# Group action on Grasmannian

A book i'm reading introduces the notion of a group $$G$$ acting on a set $$X$$ and then lists these two examples. I have two questions:

Example 1) The group $$GL(V)$$ of linear bijections from a vector space $$V$$ to itself

Example 2a) The group O($$E$$) of linear bijections that are also isometries from a Euclidean space $$E$$ to itself.

Example 2b) The book then defines $$G_{E,p}$$ to be the set of $$p$$-dimensional subspaces of $$E$$. And says that O($$E$$) also acts on $$G_{E,p}$$.

Question 1) Does the group $$GL(V)$$ act on the corresponding set $$G_{V,p}$$? Or do we somehow need $$V$$ to carry a Euclidean structure?

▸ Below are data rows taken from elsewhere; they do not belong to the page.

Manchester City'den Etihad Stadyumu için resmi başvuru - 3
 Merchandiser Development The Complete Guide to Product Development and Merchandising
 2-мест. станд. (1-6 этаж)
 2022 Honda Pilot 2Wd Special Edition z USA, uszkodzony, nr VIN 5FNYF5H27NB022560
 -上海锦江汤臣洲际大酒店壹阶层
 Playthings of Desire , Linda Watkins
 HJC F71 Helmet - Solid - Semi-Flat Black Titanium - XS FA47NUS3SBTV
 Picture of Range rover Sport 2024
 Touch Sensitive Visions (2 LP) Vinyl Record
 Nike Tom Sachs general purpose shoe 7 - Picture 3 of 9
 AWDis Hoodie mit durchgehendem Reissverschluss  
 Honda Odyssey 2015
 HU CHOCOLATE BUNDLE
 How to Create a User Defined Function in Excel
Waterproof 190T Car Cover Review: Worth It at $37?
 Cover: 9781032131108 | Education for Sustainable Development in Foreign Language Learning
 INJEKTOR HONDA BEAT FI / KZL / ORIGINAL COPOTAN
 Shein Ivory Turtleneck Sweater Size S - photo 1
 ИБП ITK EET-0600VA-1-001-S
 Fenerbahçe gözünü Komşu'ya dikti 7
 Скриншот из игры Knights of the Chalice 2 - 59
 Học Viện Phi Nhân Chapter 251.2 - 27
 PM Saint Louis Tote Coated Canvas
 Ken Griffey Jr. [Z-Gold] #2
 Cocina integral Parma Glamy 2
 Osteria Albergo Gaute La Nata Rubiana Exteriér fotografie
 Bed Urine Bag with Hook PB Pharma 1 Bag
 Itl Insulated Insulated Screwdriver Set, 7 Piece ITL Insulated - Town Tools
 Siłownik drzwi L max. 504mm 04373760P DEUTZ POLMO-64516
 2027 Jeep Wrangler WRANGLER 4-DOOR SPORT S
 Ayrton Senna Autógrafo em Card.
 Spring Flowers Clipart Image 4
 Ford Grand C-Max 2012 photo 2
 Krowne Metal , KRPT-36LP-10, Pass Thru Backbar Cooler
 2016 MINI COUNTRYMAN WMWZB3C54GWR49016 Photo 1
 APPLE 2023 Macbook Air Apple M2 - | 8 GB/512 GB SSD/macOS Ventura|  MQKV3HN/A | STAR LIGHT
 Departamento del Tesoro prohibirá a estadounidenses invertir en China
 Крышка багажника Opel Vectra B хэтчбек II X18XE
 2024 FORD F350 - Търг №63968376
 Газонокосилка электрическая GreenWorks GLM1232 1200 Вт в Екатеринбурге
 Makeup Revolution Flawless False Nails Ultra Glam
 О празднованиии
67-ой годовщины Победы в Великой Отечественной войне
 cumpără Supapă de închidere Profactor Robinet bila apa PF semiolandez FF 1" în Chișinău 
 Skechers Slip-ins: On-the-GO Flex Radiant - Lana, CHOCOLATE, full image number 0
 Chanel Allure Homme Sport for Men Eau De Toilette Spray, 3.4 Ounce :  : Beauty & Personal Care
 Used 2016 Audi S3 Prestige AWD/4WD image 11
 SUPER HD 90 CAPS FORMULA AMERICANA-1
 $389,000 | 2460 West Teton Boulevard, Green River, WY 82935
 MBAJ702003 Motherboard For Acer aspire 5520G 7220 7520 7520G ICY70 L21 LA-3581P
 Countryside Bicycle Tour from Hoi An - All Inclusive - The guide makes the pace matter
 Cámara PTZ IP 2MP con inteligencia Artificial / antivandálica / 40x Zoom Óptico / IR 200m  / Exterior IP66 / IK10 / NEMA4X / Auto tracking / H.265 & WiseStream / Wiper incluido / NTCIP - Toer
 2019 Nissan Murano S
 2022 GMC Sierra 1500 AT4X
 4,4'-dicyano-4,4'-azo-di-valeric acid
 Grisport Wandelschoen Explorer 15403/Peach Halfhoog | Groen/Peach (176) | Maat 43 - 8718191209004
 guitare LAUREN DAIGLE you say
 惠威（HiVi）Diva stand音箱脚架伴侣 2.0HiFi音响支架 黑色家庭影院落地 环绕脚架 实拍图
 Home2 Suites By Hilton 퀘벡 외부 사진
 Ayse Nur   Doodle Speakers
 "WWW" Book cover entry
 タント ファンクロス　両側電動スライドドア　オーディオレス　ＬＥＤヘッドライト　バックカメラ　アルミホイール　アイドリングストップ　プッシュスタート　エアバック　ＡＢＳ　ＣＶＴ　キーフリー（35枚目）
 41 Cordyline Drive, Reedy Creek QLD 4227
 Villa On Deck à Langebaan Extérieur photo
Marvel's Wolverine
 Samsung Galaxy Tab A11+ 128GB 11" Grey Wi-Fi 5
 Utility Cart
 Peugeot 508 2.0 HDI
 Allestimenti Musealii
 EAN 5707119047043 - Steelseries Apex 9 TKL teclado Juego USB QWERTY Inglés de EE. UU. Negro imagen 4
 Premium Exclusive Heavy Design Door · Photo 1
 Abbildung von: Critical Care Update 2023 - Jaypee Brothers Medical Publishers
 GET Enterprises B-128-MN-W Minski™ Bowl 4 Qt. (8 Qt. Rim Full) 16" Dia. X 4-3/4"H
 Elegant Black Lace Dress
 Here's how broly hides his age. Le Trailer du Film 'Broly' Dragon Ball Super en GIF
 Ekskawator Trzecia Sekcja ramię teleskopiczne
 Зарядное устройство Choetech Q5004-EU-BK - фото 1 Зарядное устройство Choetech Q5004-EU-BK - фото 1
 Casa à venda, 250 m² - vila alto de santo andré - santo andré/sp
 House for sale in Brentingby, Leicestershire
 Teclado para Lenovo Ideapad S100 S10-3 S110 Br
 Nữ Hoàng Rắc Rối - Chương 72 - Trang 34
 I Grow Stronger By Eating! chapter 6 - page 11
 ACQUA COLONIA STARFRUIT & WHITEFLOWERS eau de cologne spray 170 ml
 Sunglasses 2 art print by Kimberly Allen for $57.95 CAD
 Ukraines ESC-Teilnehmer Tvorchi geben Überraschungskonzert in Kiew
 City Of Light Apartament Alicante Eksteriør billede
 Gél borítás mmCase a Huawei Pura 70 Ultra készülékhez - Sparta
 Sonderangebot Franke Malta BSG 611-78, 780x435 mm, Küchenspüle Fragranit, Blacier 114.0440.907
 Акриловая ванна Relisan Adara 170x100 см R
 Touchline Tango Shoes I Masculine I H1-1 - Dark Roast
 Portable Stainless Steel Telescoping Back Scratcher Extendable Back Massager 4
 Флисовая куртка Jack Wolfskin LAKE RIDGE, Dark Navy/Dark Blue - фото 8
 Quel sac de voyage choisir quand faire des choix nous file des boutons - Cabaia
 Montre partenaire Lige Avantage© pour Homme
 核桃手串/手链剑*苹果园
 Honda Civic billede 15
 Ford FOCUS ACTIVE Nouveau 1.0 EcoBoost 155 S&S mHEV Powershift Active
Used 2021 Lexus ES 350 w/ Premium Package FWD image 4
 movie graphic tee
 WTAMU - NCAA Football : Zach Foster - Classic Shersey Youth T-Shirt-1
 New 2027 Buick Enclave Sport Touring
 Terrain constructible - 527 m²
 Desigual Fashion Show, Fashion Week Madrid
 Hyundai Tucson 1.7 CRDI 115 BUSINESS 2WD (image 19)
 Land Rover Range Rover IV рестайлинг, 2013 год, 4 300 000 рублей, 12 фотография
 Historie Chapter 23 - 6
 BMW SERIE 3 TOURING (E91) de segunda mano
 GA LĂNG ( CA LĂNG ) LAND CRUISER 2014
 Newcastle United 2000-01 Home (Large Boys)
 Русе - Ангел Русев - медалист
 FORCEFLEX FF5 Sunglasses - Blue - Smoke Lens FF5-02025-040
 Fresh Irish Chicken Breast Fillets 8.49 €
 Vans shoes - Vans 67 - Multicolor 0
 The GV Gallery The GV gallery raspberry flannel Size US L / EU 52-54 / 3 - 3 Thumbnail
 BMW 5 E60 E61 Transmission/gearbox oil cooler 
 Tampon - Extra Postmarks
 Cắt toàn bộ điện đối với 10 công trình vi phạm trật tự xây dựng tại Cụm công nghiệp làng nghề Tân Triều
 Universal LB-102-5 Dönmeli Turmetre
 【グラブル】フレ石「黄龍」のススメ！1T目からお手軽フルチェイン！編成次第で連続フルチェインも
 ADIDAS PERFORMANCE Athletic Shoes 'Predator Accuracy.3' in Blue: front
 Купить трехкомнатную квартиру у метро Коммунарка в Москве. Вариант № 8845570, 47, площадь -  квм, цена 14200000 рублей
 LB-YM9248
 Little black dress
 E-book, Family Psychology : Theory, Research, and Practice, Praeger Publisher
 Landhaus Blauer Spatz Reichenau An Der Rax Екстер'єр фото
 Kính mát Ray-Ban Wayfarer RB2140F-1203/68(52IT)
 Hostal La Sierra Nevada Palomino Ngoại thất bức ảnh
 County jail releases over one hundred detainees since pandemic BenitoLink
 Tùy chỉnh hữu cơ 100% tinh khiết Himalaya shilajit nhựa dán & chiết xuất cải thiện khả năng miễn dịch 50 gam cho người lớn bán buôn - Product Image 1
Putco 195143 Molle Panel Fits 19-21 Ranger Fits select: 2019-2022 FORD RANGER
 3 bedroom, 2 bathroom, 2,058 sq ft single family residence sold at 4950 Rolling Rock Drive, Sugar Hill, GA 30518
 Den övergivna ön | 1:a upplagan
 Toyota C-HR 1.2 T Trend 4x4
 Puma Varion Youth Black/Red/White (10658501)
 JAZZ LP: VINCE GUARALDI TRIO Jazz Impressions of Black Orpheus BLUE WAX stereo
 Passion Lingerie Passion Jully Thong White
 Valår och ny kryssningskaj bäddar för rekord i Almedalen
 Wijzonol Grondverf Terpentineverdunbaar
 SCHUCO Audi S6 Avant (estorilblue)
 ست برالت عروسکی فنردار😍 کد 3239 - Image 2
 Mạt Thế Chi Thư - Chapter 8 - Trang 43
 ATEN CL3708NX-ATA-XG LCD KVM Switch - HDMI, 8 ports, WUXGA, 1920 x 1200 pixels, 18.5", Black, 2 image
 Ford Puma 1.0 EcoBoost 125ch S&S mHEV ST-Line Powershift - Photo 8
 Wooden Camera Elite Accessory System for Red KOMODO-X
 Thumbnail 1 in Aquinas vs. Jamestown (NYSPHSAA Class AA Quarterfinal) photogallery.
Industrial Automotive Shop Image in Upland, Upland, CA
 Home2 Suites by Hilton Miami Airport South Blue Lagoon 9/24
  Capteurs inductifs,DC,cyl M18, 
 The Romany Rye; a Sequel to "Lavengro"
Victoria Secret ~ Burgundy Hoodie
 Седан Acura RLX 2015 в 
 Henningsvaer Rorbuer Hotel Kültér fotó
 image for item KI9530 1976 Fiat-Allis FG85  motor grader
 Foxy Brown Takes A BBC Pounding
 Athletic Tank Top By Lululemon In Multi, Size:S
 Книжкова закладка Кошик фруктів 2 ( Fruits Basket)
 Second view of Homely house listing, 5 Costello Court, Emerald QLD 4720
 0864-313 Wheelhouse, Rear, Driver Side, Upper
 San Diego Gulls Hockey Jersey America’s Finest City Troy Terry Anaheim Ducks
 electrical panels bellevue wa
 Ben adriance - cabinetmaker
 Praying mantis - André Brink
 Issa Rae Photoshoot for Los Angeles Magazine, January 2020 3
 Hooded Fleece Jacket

Question 2) The book then introduces the notion of a stabilizer of an element under a group action, and says that for $$X = G_{E,p}$$, we have that the stabilizer of an element of this set is isomorphic to $$O(p)xO(n-p)$$ where $$O(p) = O(\mathbf{R^p})$$.

Can someone clarify this?

For 1) Yes. An element $$\phi \in \mbox{GL}(V)$$ must send a basis of $$W\in G_{V,p}$$ into $$p$$ linearly independent vectors which generate $$\phi(W)$$.
Now for 2) fix $$W \in G_{E,p}$$. We have that $$E = W \oplus W^\perp$$ and any $$\phi \in O(E)$$ satisfying $$\phi(W) = W$$ must satisfy $$\phi(W^\perp) = W^\perp$$. Chosing an appropriate basis for $$E$$ we see that $$\phi = \begin{pmatrix} A & 0 \\ 0 & B \end{pmatrix}$$ where $$(A,B) \in \mbox{GL}(W)\times \mbox{GL}(W^\perp)$$. From $$\phi$$ being orthogonal, it follows that $$(A,B) \in O(W)\times O(W^\perp)\simeq O(p)\times O(n-p).$$